§ Given material
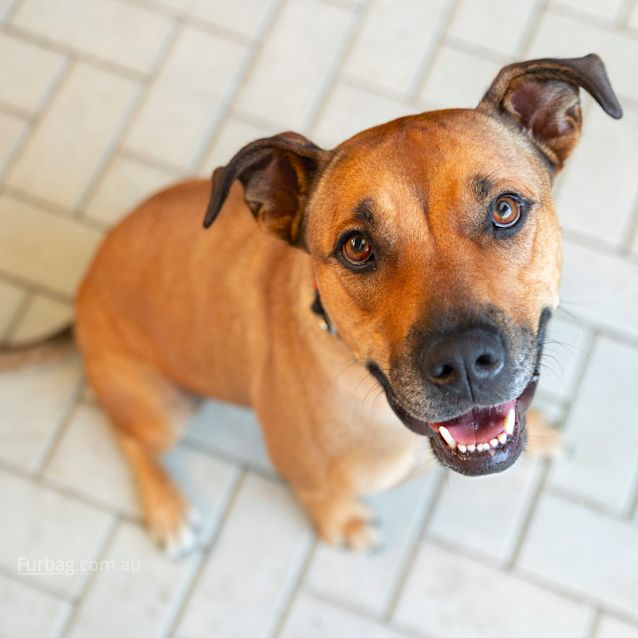 Photo of Millie Dl2598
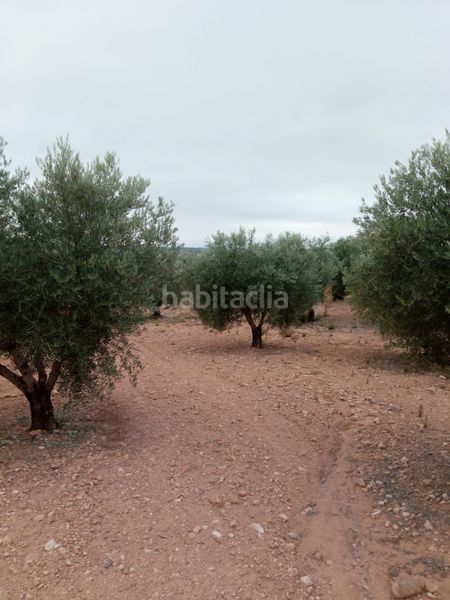 Foto ec7fbf87-2505-48eb-93f1-95317796d829. Finca rústica a calle diseminado 67 a Almansa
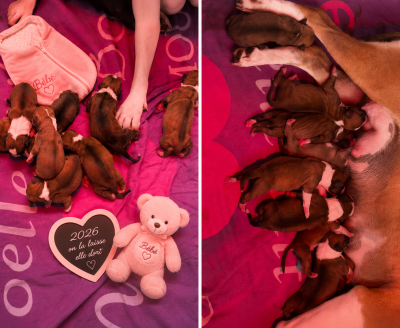 Les chiots de American Staffordshire Terrier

§ Exercise brief
The expected answer is the listing above, duplicated exactly, with its pictures removed.

§ Finished task
 Photo of Millie Dl2598
 Foto ec7fbf87-2505-48eb-93f1-95317796d829. Finca rústica a calle diseminado 67 a Almansa
 Les chiots de American Staffordshire Terrier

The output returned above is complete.